**Required work**
Only an exact copy is wanted: the lines from the one holding "Detailed view of" through the last line below, minus the pictures.
^^^^
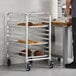 A metal half-height bun and sheet pan rack with four trays holding baked goods.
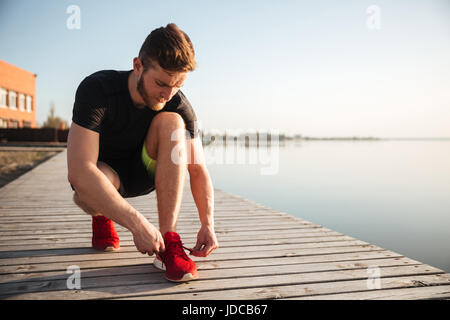 Porträt eines Mannes binden Schnürsenkel auf Sportschuh beim laufen am Strand am Morgen Stockfoto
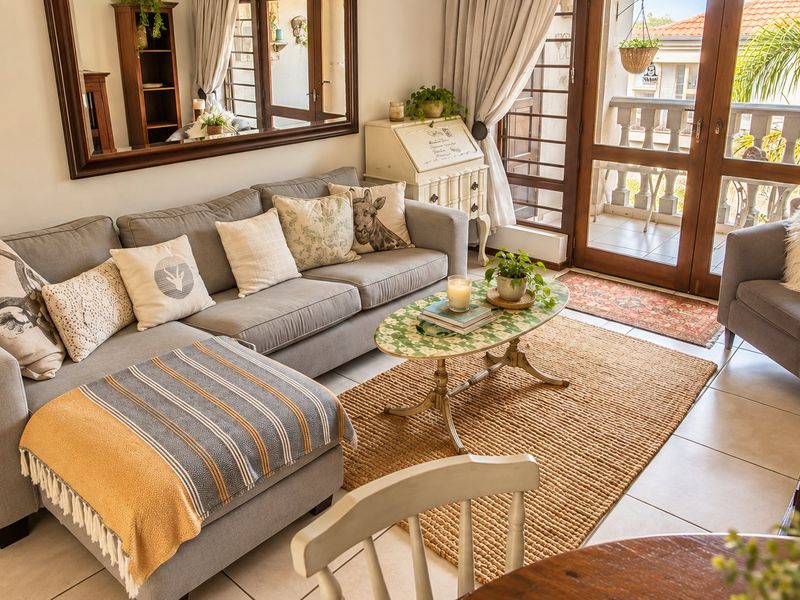 A bright and inviting living room featuring tiled flooring and direct access to a private balcony through double glass doors.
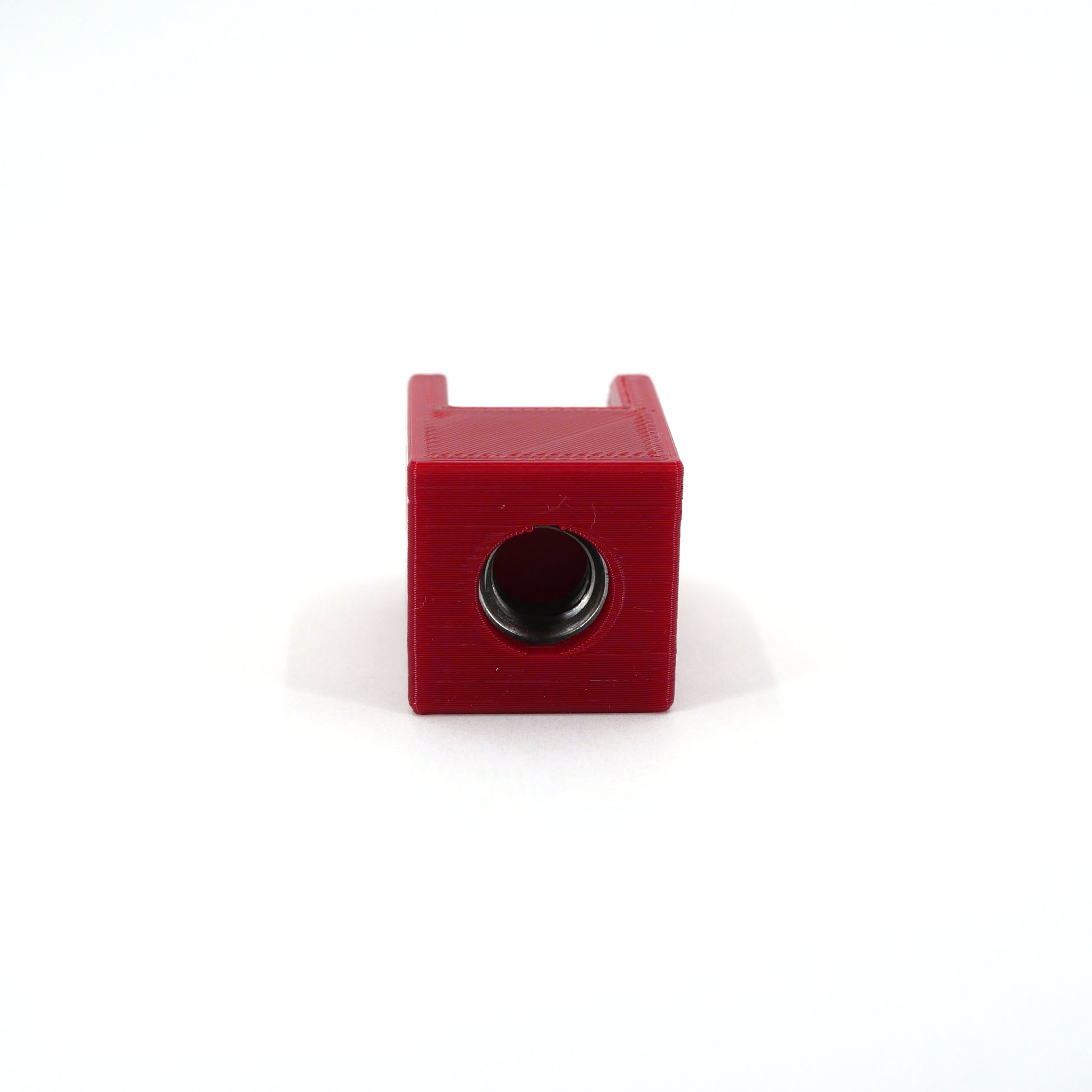 The bottom of a red HyperX DuoCast microphone mount adapter.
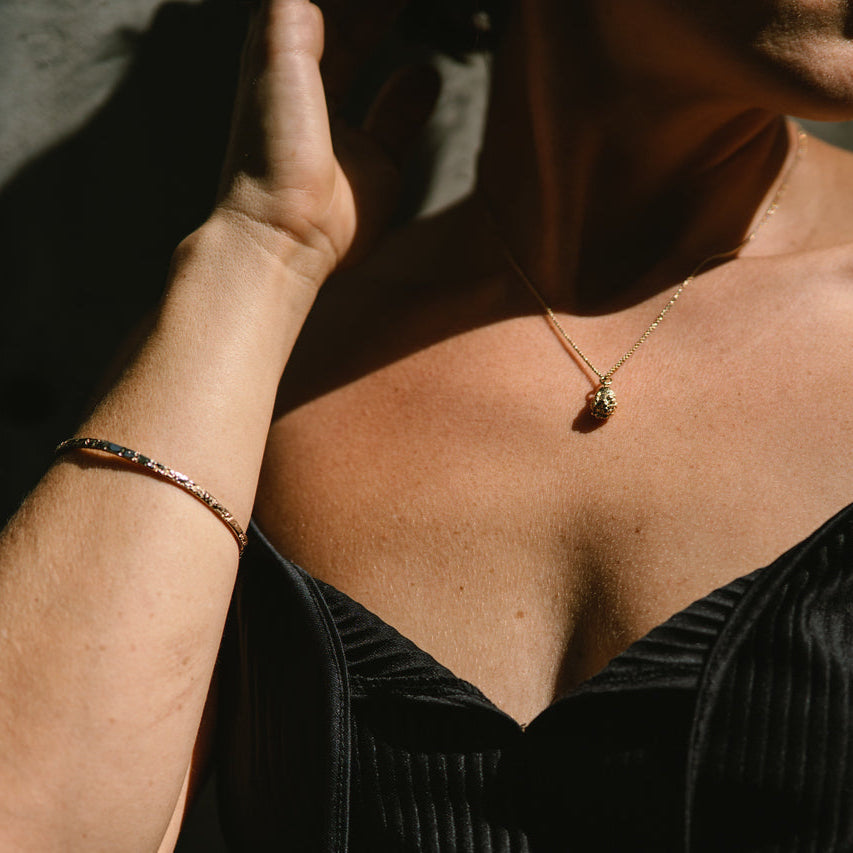 Person wearing a necklace with a drop shape pendant, and a gold bangle made by what if you stayed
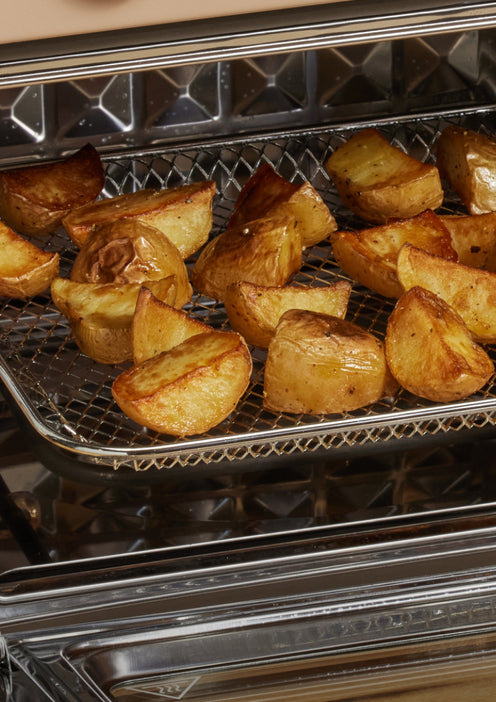 Golden brown roasted potato wedges on a wire rack inside an oven, with a crispy exterior and visible seasoning. The oven door is open, revealing the potatoes cooking on the middle rack.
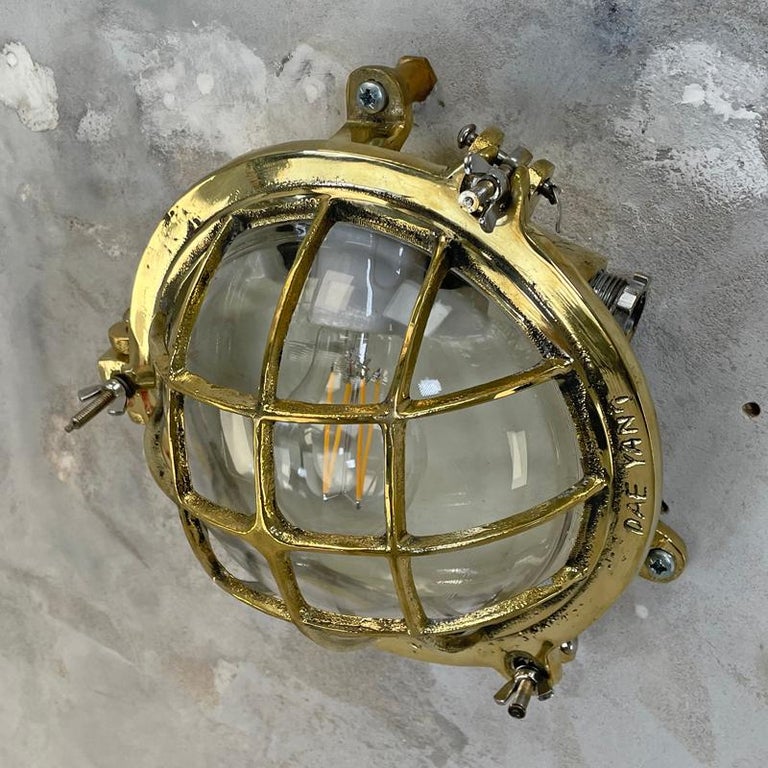 1980's Korean Brass Circular Bulkhead Light with Cast Cage and Glass Shade For Sale 6
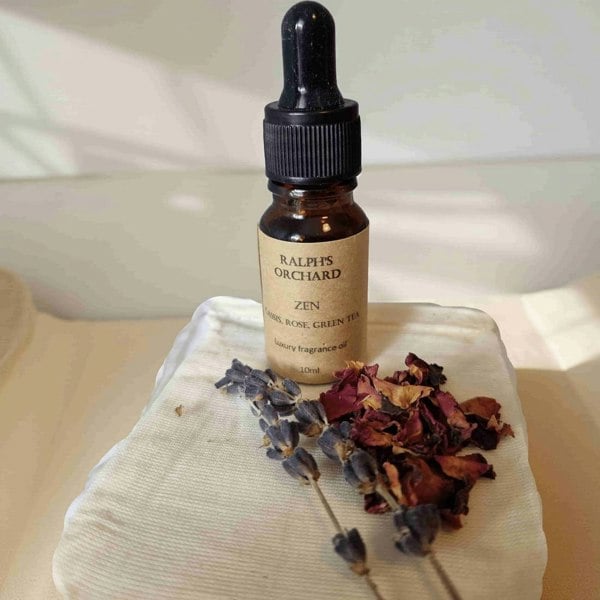 Bottle of Ralph's Orchard Zen fragrance oil with dried flowers on a white surface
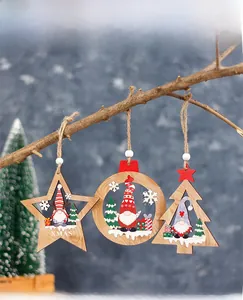 Detailed view of hollow wooden Christmas gnomes hanging ornaments on rustic branches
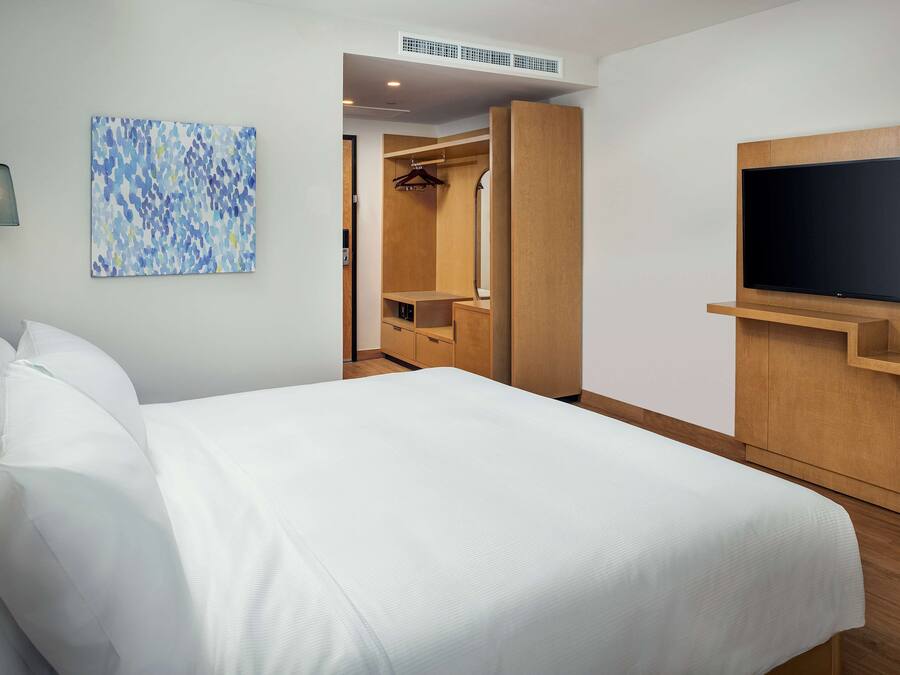A hotel room with a bed, a TV mounted on the wall, a walk-in closet, and a painting on the wall.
^^^^
**Answer to the exercise**
 Detailed view of hollow wooden Christmas gnomes hanging ornaments on rustic branches
A hotel room with a bed, a TV mounted on the wall, a walk-in closet, and a painting on the wall.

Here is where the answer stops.